The gender gap in STEM related fields (Science, Technology, Engineering and Maths) persists all over the world and there are some countries where it is really significant. On February 11 we celebrate International Day of Women and Girls in Science, a day that was proclaimed by the United Nations General Assembly in 2015 to fight for an equal access to STEM careers and to promote gender equality through women’s participation in science and technology.
Throughout human history, there have been a lot of women who have contributed to different scientific and technology developments. In many cases, their work have been made invisible for years, even though their discoveries have led us to where we are today. Today we want you to get to know six of the most important women for IT and their work during the 19th and the 20th centuries.
Let’s start from the beginning , which leads us to Ada Lovelace. Ada Byron or Ada Lovelace (1815-1852) was the first computer programmer in history, since she was the first person to introduce an algorithm into a machine – which was equivalent to a modern computer. That machine, which was designed by an English mathematician called Charles Babbage, was an analytical machine that had been built exclusively to do mathematical calculations. It was Ada Lovelace who realized that it could also be used for many other operations and she was the one introducing encrypted information into it.

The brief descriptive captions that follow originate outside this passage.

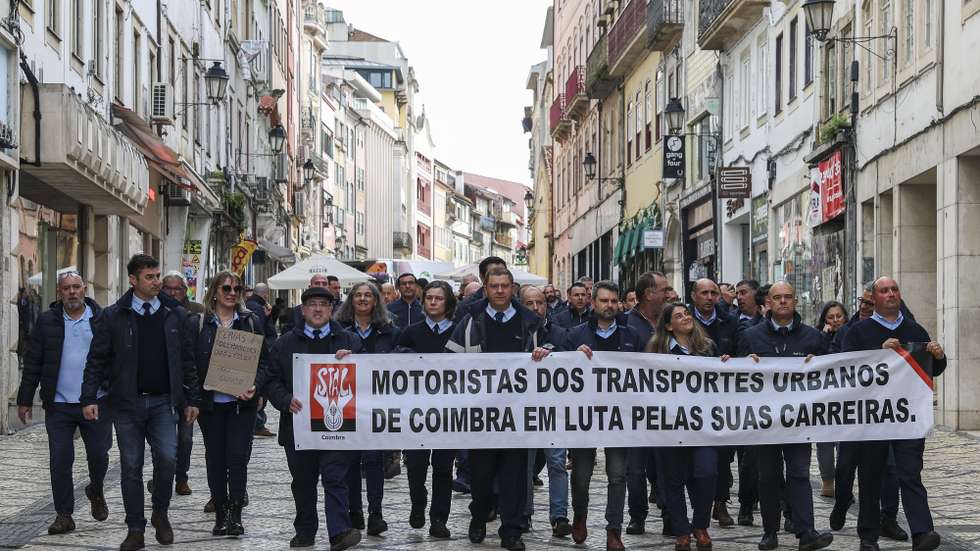 Trabalhadores dos Serviços Municipalizados dos Transportes Urbanos de Coimbra (SMTUC) durante o desfile até à Câmara Municipal de Coimbra onde entregaram uma cópia de um abaixo-assinado pela valorização da carreira, no âmbito da greve que hoje iniciam, Coimbra, 10 de janeiro de 2025. PAULO NOVAIS/LUSA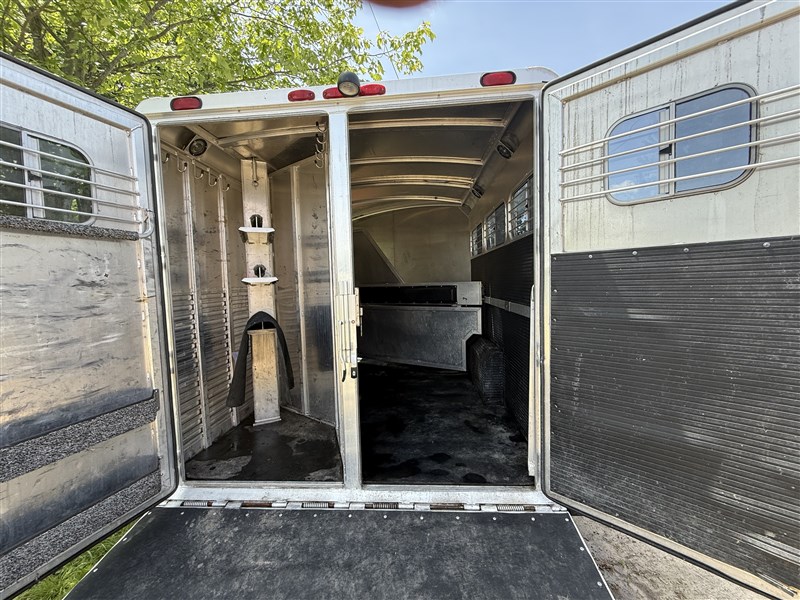 Trailer Photo 7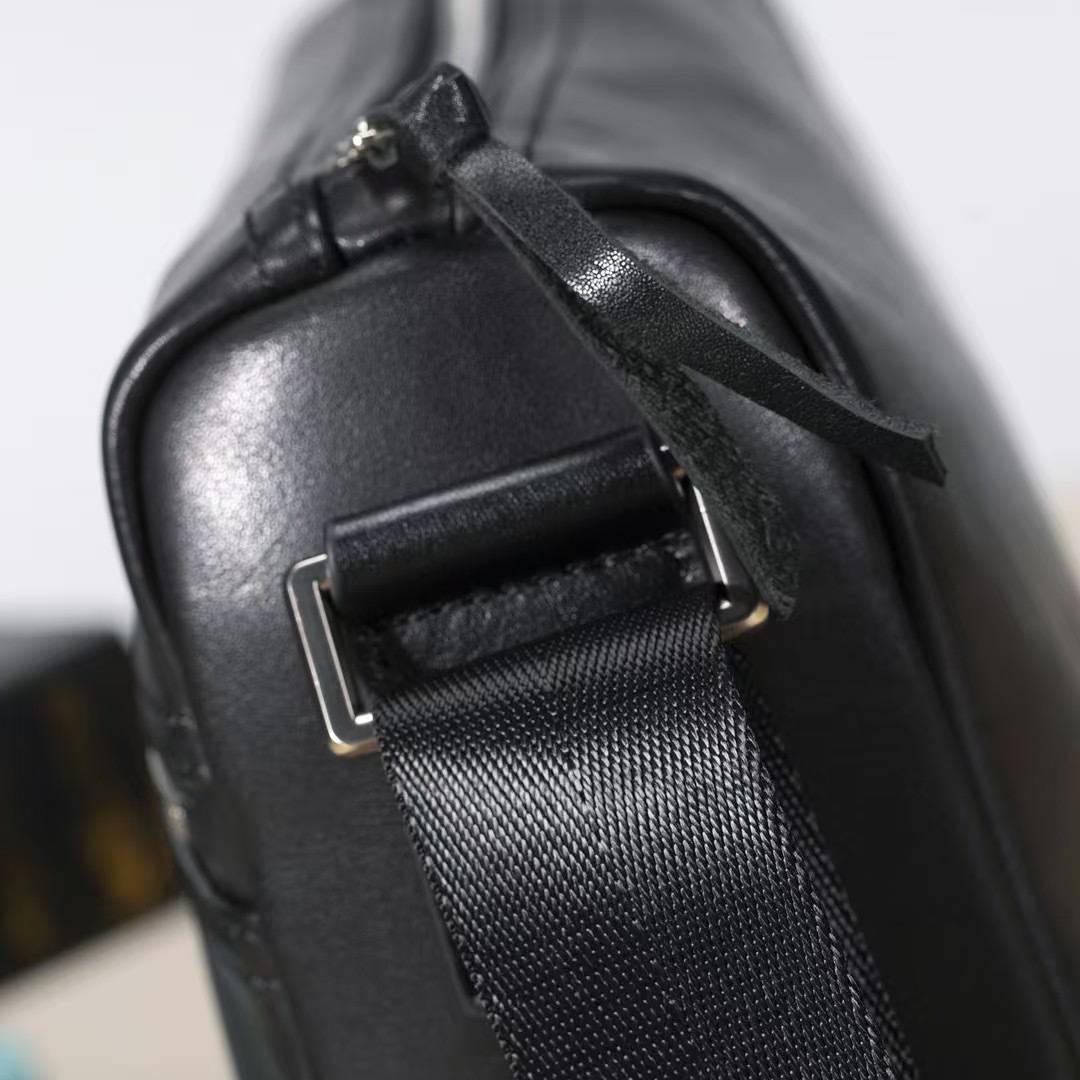 通勤簡約真皮小背包 男士單肩背包斜背包 頭層牛皮耐磨實用斜跨包 男生側背包推薦 真皮包包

This happened in the mid-nineteenth century. In fact, the whole Ada Lovelace’s story breaks with gender stereotypes: her father loved literature and poetry, while her mother was passionate about maths. As her mother wanted to take her away from her father and all his preferences, she ensured that Ada Lovelace would get the best education in Science and Mathematics. Certainly all this education bore fruit and we all owe her a lot.
Henrietta Swan Leavitt
Let’s skip now some years and reach the second half of the 19th century. It’s time to talk about Henrietta Swan Leavitt (1986-1921), who was part of “The Harvard Computers”, a group of more than a hundred women that worked as calculators at the Harvard Observatory by observing stars through glass photos. Unfortunately, many of these women’s names are still unknown, but we can assure that one of the most distinguished ones was Henrietta Swan Leavitt.
Through the study of certain glass plates, the astronomer Swan Levitt got to calculate a distance in space. Thanks to this breakthrough, a new distance scale was established and this made possible to start measuring the universe. Some years later, these calculations helped the astronomer Edwin Hubble discovering there were other galaxies beyond ours and some of those same calculations made possible Albert Einstein’s work on the general theory of relativity.
Grace Murray Hopper
We’re now on the 1940s. Grace Hopper (1906-1992) was one of the pioneers in computer science. We are talking about one of the first programmers of Mark I, an electromechanical computer built in Harvard which was based on the analytical machine of Charles Babbage, that same machine designed to do mathematical calculations involved in Ada Lovelace’s history.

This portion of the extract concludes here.